Aim of the exercise |
If a line of the data below holds the word "going", list it.

Information supplied |
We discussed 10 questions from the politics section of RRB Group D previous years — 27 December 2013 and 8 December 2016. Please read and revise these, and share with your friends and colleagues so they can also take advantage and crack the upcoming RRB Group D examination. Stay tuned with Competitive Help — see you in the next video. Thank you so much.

* * *

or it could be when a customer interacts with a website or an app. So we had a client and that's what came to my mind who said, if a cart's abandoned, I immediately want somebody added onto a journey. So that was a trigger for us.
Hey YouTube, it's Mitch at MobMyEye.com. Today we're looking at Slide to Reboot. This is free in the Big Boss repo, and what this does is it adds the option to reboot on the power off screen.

--

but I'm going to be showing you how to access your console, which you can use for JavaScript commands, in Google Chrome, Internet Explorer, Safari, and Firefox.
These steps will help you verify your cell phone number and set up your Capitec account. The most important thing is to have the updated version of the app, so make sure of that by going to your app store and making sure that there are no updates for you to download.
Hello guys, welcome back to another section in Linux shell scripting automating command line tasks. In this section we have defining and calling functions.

Solution to the problem |
but I'm going to be showing you how to access your console, which you can use for JavaScript commands, in Google Chrome, Internet Explorer, Safari, and Firefox.
These steps will help you verify your cell phone number and set up your Capitec account. The most important thing is to have the updated version of the app, so make sure of that by going to your app store and making sure that there are no updates for you to download.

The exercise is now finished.